The government plan, which has been updated four times, was released ahead of a national cybersecurity event in Melbourne on Monday.
The estimate of the average income of cybersecurity workers is derived from positions advertised on the employment website Seek.
Cyber Security Minister Clare O’Neil said on Sunday that Australians should ‘wake up from their cyber slumber’ regarding the threat of online crime.
The Medibank hack has exposed the vulnerability of major Australian companies to online criminals
She told the ABC that the Albanian government is preparing laws prohibiting Australian companies from paying ransom to hackers.

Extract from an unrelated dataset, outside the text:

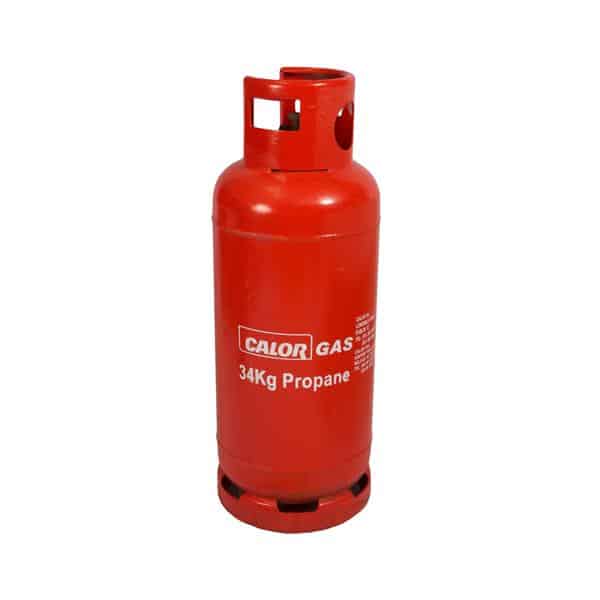Gas Cylinder 75lb Propane Red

Ms. O’Neil has also vowed to track down the “scumbags” behind the Medibank hack, in which hackers demanded the health insurer pay $15 million to stop the release of personal information about its customers — a demand the company declined.
The hacker released another 500 customer records on Monday, detailing those seeking cover for mental health treatment.
A previous leak of data to the so-called “dark web” revealed case histories of Medibank customers who had undergone abortions or drug and alcohol treatments.
Medibank chief executive David Koczkar on Monday apologized “without reservation” for what happened, calling the people behind the hack “deplorable.”
“We will continue to support all people affected by this crime through our Cyber Response Support Program,” Seven News said.
Cybersecurity Minister Clare O’Neil says Australians need to wake up from their ‘c.’
This includes support for mental health and wellbeing, identity protection and measures against financial hardship.
“If customers have concerns, they should contact our Cybercrime Hotline, Mental Health Support Line, Beyond Blue, Lifeline or their primary care physician.”
Medibank could be forced to pay millions in damages while class action law firm Maurice Blackburn considers a lawsuit.
On Sunday, Ms. O’Neil also flagged a new elite unit to fight cybercrime.
The agency will bring together experts from the AFP and the Ministry of Defense’s Australian Signals Directorate to ‘hack’ the hackers.
However, Neil said she couldn’t promise hackers would be jailed in Australia because they were often foreigners.
Australians are targeted by 745 online attacks every day, which equates to one every one to two minutes
“We have people who are essentially housed by foreign governments,” she said.
The hacker who stole the personal data of some 10 million current and former Optus customers in September has not yet been identified.
This was despite the government’s promises that the police would be after them and make announcements about the case, which did not happen.